EECS 413: Monolithic Amplifier Circuits, a major design course taken by undergraduate students as well as graduate students, includes a contest and cash prize for the best designs in the class. This popular course taught by Prof. Michael Flynn offers an introduction to CMOS analog and mixed signal design.
First Place, 2010
"A High PSRR, Low Drop-Out Voltage Regulator using Feed-forward Ripple Cancellation"
ECE Team Members: Karan Jain, Abishek Madhavan and Aswin Rao (all EE MS students) presented high power-supply rejection (PSR), high bandwidth low drop-out (LDO) voltage regulator using feed-forward ripple cancellation. Architecture provided PVT-tolerant design with high PSRR of 50dB for wide range of frequencies. Team achieved most efficient LDO design to come out of EECS 413.
ECE Team Members: Suyoung Bang, Dongsuk Jeon and Yejoong Kim (all EE PhD students) built an auto-calibration process, tunable delay lines, and DAC (Digital-to-Analog Converter). Using a reference pulse width, the calibration controller tried to find an optimum DAC code to generate the appropriate bias voltages for the tunable delay lines.
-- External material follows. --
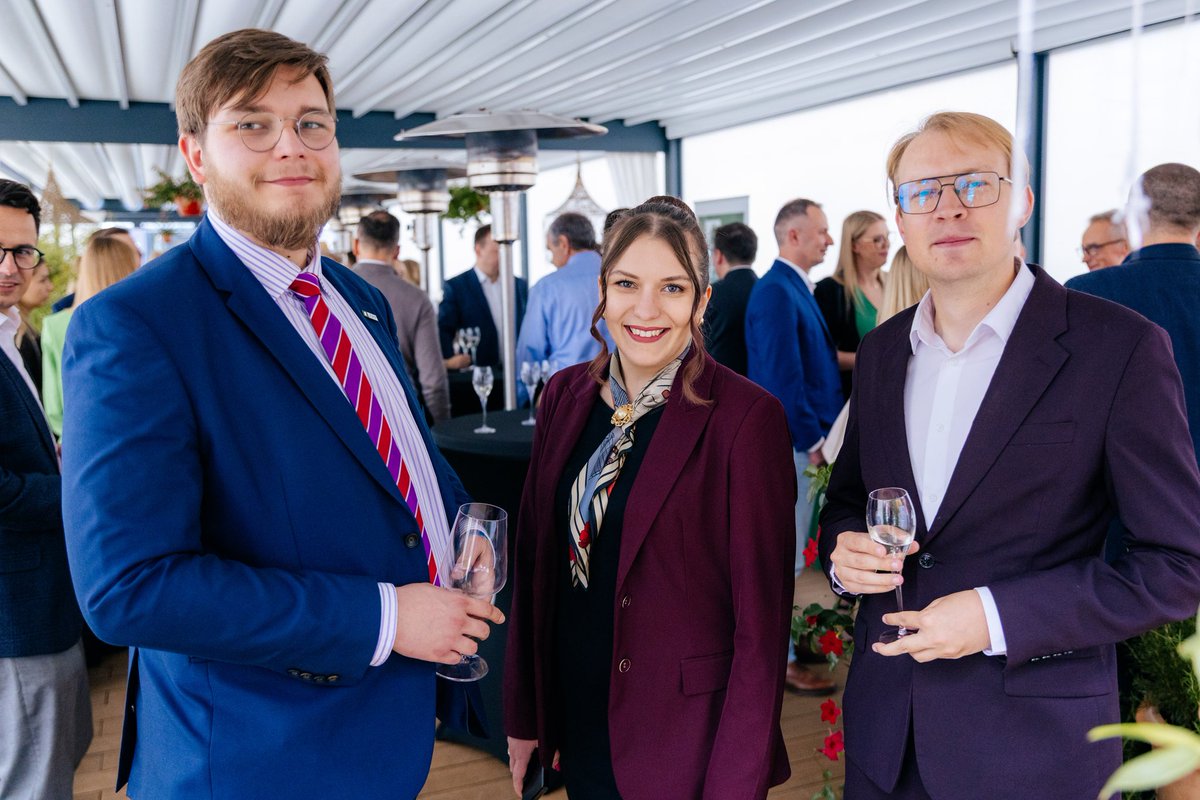 ZPPnetpl's tweet photo. ☀️ LATO. POWIŚLE. ZPP!

Spotkaliśmy się w restauracji DOCK19 na warszawskim Powiślu, aby wspólnie z członkami ZPP rozpocząć lato pełne inspirujących rozmów, networkingu i dobrej atmosfery. 🌿🤝

To doskonała okazja, by na chwilę zwolnić, spotkać się w mniej formalnej odsłonie, wymienić doświadczenia i budować relacje, które są fundamentem naszej społeczności.

Cieszymy się, że jesteście z nami – zapowiada się naprawdę wyjątkowy wieczór! 💚

#ZPP #LatoPowiśleZPP #Networking #Biznes #Warszawa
ECE Team Members: Nathan Roberts, Qiong Wu and Zhengzheng Wu (all EE graduate students) designed a Switching Buck Converter that provides a solution to monolithically integrated power management units for USB controllers in the 130 technology node, which has potential applications in USB connected consumer electronics.
ECE Team Members: David Chen, Joseph Parent and Aaron Rocca (all EE undergraduate students) designed an amplifier that accepts two currents as inputs and outputs a voltage proportional to the difference in input currents. The gain is set externally, allowing for a large range of input currents.
ECE Team Members: Nick Collins, Jeffrey Fredenburg and Eddie Hoskin (all EE undergraduate students) designed an audio amplifier for use in portable electronic devices (such as iPods or cell phones) to drive low-impedance earbud-type headphones.
ECE Team Members: Zeshan Ahmad, Khaled Al-Ashmouny and Kuo-Ken Huang (all EE graduate students) designed an energy efficient low-noise nano-power amplifier that will enable the recording of thousands of simultaneous neural activities without heating or damaging brain tissue. Their design will also allow neuroscientists to shrink the size of the probes while multiplying their number, thereby safely increasing the amount of information they can gain.
First Place ($1,000 Prize), 2007
"Novel 1μW Temperature Sensor"
ECE Team Members: Jonathan Brown, Francine Shammami and John DeBusscher designed sensor with a device output that is an oscillation frequency which varies linearly with temperature. Key innovations in this work ensure very low power consumption and independence from power supply voltage.